Interview: Alice Temperley on... vintage

Words by
Sphere Life

17th December 2015

Alice Temperley was born in England in 1975, trained at London’s Central Saint Martin’s art college and finished her studies with a Masters Degree at the Royal College of Art. Alongside a thorough training in the traditional disciplines, Temperley specialised in fabric technology and print. In 2011 she was appointed an MBE. Alice splits her time between west London and Somerset and has a seven-year-old son, Fox. She will be showing at London Fashion Week in February 2016.

What influences first got you into vintage?
My mother has a great selection of vintage and was always able to find amazing pieces when we travelled or were at festivals. Her eclectic taste taught me to assess what was authentic and, more importantly, work out how to mix things together.

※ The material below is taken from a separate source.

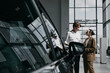 © wedmoments.stock - Car dealer advising a woman beside a modern vehicle. Concept car sales, customer service and vehicle selection.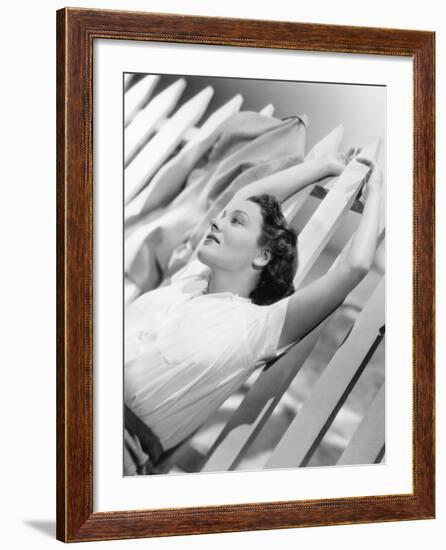 Woman Stretching Out on a Picket Fence-null-Framed Photo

My grandmother also collected incredible textiles and was probably the person who instigated my love of vintage.


Do you have any tips for looking for and buying vintage?
I don’t just collect vintage clothes, but also some fabrics that I might use as inspiration. For some particular treasures, I will hang them on my wall instead of paintings — I have an original torero jacket, vintage Japanese kimonos and a Turkmen wedding jacket covered in silver coins.

What is your favourite vintage discovery?
I also collect headpieces and my favourite is one from Bali — it hangs on a stand on my wall.

What is it that you love about vintage pieces so much? 
The skill and craft that has been invested in these pieces, the stories they can tell and the fact that they are now becoming increasingly rare.

Which era of clothes and jewellery do you collect the most? 
I love Art Deco objects and jewellery, vintage jackets and vintage tribal headdresses, as well as early 19th-century French furnishing fabrics. I’ve got quite an eclectic taste, not particularly era-specific.

Which pieces would you save from a fire and why?
My collection of 1920s embroidered shawls. One didn’t see daylight for 50 years and it is as bright as if it was new. I would also try to save my swatch archive — it’s something I have been building up since I was a child.

How should one wear vintage? Any style advice?
With confidence — the style should be relaxed and effortless, and it should look like the piece has always belonged to you.

What does one need to avoid? Are some pieces beyond repair?
To me, damage doesn’t matter so much — if I love something it will always have a use as a point of reference. But make sure the fabrics are strong. If they have weak spots, then the piece is probably on the way out. Old silks in particular disintegrate quickly.

What’s the most interesting story behind a piece?
The craftsmanship and techniques employed to make it.

How has the production of clothes changed over the years?
A lot of the techniques are no longer used. Some old lace machines, for example, and incredible 1920s lamé fabrics are very hard to find — a lot of the textiles and methods of making them are all but extinct.


  • Clignancourt Market in Paris has some amazing textiles of excellent quality.
  • The private basement of What Goes Around Comes Around in New York is very good.
  • Of course, my own ’hood — Portobello Market in west London.